— Я должен был догадаться, — корил себя Теодор, пока они с Ди увлеченно вскрывали дверцу второго металлического шкафа. — Иначе откуда бы взялись все эти люди, которых мы видели на сканере?
Я просматривала страницы ежедневника, пытаясь найти хоть что-нибудь полезное или хотя бы понятное.
— Тогда для чего, — Ди поднажал, и дверца почти поддалась, — они утилизировали этих?
— Видимо, сочли безнадежными, — Теодор пожал плечами. — Или это было ради Северного союза. Понимали же, что после речи Фогараши надо делать вид, мол, мы ни при чем. Наверняка после войны они выждали и все же решили проблему с…
— Есть! — воскликнул Ди, и я подняла взгляд от ежедневника.
Они с Теодором наконец открыли шкаф и теперь смотрели на полки.
Совершенно пустые полки.
— А где все? — разочарованно протянул Ди.
Теодор засунул голову в шкаф, проверил руками углы.
— Тут не было бумаг, — сказал он. — Или были не только бумаги. Еще оборудование. Остались следы, где его прикручивали к стене.
Мы помолчали.
— Значит, кто-то сюда все-таки приходил, — озвучила я очевидное.
— Ага, — согласился Ди. — А знаете, что еще это значит? Что это оборудование кому-то понадобилось, чтобы продолжать эксперименты.
— Не обязательно, — быстро возразил Теодор. — Может, его просто сняли после аварии и утилизировали вместе со всем остальным.
— С чем остальным? — спросил Ди с насмешкой. — Вот с этим?
Он пнул сваленные на полу папки, листы разлетелись по кабинету.
— Ну ладно, не все утилизировали. Но это не значит, что эксперименты продолжили после взрыва.
— Скорее, вынесли все важное, все, что можно использовать, — сказала я. — Что мы тут видели? Какое-то сломанное барахло и бумажки. Эта Амелия Лукаш была чокнутая, все записывала, каждое свое шевеление. Вот хотя бы на ее ежедневник посмотри. Она тут год за годом всю свою жизнь описала, эти все протоколы хранила у себя распечатанными. Даже странно, если так подумать — она занималась имплантами, а технике не доверяла. Но все это совершенно точно было и на электронных носителях, поэтому эту тонну бумаги тут бросили — зачем тащить папки, когда все есть на жестком диске, положил в карман и понес. На наше счастье.
— Что ты имеешь в виду? — не понял Теодор.

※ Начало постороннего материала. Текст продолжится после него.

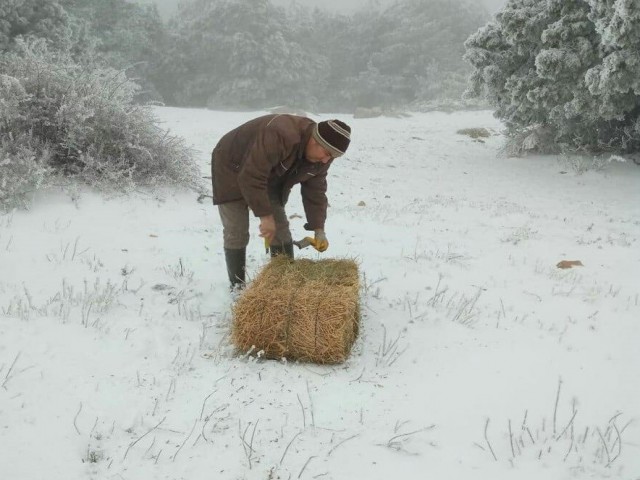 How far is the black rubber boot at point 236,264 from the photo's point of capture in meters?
4.47

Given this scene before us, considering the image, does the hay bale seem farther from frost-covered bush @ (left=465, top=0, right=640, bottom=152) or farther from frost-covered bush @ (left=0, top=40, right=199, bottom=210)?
frost-covered bush @ (left=465, top=0, right=640, bottom=152)

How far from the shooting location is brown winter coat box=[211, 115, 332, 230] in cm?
378

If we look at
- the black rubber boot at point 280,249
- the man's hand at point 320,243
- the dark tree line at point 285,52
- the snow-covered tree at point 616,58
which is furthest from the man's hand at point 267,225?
the dark tree line at point 285,52

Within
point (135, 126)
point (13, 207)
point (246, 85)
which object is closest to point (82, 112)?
point (135, 126)

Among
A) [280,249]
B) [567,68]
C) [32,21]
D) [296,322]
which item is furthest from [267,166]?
[32,21]

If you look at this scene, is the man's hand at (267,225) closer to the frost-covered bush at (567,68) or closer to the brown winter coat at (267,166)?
the brown winter coat at (267,166)

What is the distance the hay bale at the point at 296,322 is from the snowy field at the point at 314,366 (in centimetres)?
11

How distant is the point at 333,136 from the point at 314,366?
→ 5.63 feet

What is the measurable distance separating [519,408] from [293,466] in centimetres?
149

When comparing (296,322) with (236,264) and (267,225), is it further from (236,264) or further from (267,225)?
(236,264)

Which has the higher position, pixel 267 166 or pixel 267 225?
pixel 267 166

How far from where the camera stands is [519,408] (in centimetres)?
307

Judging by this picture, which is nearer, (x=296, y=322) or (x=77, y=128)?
(x=296, y=322)

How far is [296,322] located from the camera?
11.2 ft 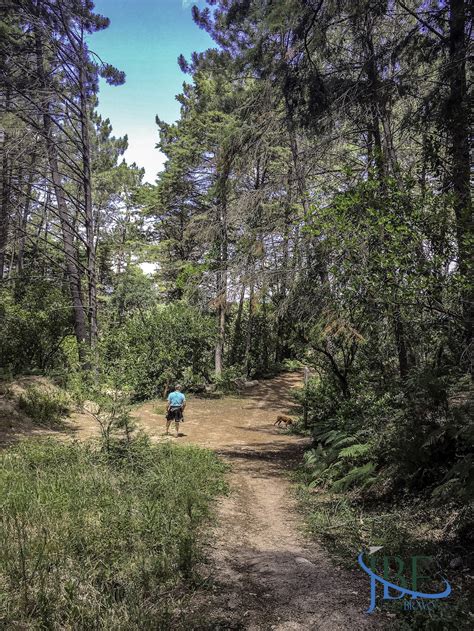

— Алло, она все записывала! Что бы ни происходило после войны, она наверняка это записала. Хоть в каком-то виде. Вот эти все штуки, — я заглянула в ежедневник, — «Голос» какой-то, эф-икс сто шестнадцать, все эти номера — это же наверняка люди, которых тут оперировали. Она не могла это не записать, надо только найти.
— Что еще за голос и викс… как ты сказала?
— Не знаю, это у нее тут, видишь?
Я открыла первую попавшуюся страницу ближе к концу.
«15 авг. 65 — поставка FX-116 и NGSX. «Голос» для № 131», — было написано среди завитушек, сердечек, инициалов В.Д. и прочей мути.
— «Голос», значит, — прищурился Ди. — Похоже на «Эхо», вам не кажется?
Теодор кивнул, отобрал у меня ежедневник и стал просматривать его сам.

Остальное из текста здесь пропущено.